I am not aware of anyone who is familiar with the evidence in these cases who thinks that the freedom to choose a different community is an adequate mechanism for holding accountable the officials who run them. Could anyone reasonably argue that the threat of student transfers caused officials at Penn State to vigilantly enforce rules against sexual assault?

However, neither am I aware of anyone who has looked at the details of these cases and thinks that giving the vote to members of the community would have helped. The surge of student and alumni support for officials at Penn State that followed the initial disclosures in the Sandusky case should give pause to anyone who thinks that local elections are the key to ensuring equal protection under the law. Democracy is not good at protecting the rights of minorities — and after the fact, crime victims are always far outnumbered by people who would rather pretend nothing ever happened.

Humans have never found a mechanism for protecting the legal rights of the few that is as effective as a judicial system that is outside of the control of executive authorities. Of course, like universities and religious groups, some public entities also lack an independent judiciary — or have one on paper that fails to act independently. In Louisiana, local prosecutors and courts tolerated criminal activity by police in New Orleans. The crimes of the police were addressed only after federal prosecutors and federal courts stepped in and took jurisdiction of cases involving the police.

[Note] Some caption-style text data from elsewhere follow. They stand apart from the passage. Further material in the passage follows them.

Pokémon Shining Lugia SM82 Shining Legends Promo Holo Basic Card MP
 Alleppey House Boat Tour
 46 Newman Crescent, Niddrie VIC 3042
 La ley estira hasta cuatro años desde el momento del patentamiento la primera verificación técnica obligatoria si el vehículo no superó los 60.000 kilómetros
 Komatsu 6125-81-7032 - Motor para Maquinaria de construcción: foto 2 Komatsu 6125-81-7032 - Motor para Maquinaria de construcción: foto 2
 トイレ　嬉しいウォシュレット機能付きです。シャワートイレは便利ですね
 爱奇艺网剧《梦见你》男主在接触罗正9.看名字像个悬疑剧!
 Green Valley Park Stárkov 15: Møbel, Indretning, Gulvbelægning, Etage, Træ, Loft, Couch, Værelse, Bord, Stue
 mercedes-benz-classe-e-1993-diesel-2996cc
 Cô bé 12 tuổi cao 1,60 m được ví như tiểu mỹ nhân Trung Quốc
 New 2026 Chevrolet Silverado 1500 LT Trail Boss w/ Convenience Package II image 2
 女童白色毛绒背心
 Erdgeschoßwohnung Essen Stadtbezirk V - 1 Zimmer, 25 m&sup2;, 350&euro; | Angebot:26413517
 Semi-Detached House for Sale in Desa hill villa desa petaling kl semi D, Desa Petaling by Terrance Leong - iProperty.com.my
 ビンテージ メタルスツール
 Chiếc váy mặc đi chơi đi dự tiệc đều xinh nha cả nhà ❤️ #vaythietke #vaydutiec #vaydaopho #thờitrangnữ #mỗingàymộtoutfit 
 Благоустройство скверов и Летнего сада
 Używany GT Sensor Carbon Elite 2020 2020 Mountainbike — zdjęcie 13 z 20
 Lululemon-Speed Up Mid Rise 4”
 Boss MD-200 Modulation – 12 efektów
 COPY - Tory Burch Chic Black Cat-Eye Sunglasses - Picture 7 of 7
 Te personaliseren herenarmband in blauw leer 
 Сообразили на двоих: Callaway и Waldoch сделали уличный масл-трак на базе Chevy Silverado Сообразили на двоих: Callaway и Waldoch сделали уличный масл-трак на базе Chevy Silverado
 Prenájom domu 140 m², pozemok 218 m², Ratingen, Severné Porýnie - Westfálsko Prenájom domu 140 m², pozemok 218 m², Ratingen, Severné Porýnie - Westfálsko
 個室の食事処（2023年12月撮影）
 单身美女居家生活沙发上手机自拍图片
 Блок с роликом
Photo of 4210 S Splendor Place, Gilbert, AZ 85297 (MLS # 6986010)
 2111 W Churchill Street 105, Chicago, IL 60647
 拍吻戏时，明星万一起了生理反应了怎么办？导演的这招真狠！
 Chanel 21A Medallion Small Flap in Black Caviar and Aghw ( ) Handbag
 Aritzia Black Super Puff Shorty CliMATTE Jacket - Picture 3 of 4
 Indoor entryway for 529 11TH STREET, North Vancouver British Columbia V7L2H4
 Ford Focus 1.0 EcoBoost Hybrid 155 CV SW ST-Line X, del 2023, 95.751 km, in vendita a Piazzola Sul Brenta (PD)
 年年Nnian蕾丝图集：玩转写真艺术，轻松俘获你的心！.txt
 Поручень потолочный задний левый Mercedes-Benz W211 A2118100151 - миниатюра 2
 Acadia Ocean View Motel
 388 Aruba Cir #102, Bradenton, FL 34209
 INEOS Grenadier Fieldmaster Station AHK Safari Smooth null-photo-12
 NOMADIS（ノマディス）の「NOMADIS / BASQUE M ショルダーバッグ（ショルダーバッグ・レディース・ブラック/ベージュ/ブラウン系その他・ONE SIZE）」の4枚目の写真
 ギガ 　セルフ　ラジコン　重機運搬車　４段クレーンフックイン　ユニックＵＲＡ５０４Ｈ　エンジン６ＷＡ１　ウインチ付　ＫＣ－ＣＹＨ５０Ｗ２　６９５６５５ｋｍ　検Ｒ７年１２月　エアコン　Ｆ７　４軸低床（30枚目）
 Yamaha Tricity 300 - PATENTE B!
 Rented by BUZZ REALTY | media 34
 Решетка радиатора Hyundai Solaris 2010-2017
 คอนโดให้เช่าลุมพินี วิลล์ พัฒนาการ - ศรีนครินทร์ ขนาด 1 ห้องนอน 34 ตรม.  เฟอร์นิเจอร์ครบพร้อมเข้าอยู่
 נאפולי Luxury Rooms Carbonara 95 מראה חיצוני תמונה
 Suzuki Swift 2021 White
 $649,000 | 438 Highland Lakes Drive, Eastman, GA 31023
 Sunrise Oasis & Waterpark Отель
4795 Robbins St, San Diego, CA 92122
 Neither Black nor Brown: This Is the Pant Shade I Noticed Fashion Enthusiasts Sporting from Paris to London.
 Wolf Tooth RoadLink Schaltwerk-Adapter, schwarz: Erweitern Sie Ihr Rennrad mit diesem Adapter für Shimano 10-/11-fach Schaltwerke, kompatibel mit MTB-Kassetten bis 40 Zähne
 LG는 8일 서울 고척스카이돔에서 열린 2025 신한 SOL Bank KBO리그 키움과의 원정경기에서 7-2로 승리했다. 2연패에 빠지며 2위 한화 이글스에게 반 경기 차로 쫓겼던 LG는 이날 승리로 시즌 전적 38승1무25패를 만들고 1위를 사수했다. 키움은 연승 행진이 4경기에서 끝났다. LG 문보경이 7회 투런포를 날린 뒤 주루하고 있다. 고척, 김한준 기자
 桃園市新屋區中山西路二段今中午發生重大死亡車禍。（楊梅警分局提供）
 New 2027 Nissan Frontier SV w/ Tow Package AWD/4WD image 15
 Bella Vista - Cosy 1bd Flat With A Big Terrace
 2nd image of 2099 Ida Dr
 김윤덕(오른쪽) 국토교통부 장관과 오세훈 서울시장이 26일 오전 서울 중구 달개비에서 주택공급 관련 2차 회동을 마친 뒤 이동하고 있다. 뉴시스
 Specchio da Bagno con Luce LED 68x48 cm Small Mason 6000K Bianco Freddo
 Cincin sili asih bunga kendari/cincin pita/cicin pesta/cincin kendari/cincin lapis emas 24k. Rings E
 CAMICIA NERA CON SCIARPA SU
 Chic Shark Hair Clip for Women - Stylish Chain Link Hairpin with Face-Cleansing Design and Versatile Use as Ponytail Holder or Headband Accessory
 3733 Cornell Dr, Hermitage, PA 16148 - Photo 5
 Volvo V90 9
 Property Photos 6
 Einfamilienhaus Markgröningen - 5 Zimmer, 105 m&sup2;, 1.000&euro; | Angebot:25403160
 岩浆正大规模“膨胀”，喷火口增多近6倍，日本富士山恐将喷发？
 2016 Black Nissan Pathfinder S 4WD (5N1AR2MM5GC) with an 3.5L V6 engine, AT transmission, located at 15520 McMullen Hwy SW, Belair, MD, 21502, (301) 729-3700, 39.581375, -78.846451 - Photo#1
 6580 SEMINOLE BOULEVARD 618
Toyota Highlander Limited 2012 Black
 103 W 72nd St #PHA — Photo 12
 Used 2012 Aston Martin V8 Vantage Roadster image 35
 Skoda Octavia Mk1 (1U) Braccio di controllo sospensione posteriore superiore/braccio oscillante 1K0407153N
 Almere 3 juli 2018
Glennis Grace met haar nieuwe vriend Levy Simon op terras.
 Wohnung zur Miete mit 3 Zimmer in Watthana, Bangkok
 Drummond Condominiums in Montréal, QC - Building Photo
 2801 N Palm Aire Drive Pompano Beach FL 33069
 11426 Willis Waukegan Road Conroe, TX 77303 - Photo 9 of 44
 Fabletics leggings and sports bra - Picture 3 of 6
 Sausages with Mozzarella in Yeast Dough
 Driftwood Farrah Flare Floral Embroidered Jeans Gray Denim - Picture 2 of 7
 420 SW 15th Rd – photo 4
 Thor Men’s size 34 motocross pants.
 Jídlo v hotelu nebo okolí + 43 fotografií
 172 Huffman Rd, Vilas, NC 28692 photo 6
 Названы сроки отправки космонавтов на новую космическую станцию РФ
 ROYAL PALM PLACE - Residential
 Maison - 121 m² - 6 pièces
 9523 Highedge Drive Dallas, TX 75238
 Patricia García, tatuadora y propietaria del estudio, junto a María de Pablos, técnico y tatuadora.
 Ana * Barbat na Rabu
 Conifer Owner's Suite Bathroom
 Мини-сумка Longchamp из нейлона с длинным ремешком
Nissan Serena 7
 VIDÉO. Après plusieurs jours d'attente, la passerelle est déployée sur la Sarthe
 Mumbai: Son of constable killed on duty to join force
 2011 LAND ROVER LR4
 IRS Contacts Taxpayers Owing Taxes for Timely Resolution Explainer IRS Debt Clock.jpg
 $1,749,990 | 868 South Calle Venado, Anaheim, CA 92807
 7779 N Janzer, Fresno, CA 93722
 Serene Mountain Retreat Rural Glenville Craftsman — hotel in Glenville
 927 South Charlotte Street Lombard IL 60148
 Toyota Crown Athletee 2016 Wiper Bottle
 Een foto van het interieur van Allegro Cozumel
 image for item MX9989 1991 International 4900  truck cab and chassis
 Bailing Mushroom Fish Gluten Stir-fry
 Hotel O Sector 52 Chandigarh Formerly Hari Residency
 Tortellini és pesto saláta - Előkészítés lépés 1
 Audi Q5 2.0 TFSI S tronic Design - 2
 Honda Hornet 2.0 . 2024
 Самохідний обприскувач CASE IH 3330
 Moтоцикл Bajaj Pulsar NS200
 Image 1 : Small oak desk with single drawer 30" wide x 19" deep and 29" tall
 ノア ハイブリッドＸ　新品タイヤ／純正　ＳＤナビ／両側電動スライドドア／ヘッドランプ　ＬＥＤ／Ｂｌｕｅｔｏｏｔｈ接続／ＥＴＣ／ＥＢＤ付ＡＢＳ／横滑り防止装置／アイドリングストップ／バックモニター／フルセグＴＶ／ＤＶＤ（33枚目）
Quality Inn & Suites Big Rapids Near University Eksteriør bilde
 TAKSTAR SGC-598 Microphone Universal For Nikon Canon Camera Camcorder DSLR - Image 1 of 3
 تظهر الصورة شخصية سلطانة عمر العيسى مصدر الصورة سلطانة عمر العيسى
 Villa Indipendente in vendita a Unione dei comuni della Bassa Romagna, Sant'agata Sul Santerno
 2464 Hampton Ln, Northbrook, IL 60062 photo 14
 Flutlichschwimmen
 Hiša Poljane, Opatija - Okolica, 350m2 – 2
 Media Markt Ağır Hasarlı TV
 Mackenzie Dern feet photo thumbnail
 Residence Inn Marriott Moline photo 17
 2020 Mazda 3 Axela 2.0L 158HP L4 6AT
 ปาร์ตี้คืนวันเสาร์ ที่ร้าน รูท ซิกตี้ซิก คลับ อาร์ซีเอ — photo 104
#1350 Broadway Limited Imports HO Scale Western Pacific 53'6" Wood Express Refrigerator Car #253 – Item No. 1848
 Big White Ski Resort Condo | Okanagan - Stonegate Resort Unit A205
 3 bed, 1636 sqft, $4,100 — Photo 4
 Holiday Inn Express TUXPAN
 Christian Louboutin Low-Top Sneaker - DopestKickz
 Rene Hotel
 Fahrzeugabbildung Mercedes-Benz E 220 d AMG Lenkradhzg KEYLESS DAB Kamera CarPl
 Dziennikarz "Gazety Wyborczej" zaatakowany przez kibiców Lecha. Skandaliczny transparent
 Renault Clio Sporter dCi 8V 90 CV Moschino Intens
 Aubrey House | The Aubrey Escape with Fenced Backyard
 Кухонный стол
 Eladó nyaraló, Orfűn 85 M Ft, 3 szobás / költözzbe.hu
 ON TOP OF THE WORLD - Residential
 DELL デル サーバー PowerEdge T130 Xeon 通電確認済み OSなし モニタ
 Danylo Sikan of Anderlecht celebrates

Despite the failures of some public systems of governance, there are many other public systems with workably independent judicial institutions. I’m still waiting for someone to point to even one such system in the private sector or any other private arrangement that provides an equivalent level of protection.

Any proponent of cities run entirely by private entities, therefore, must bear the burden of proof. What evidence is there to support the claim that private entities are capable of avoiding the inherent conflict that executives face between their commitment to the enforcement of community rules in a way that applies equally to all members — and the many other objectives they seek to achieve?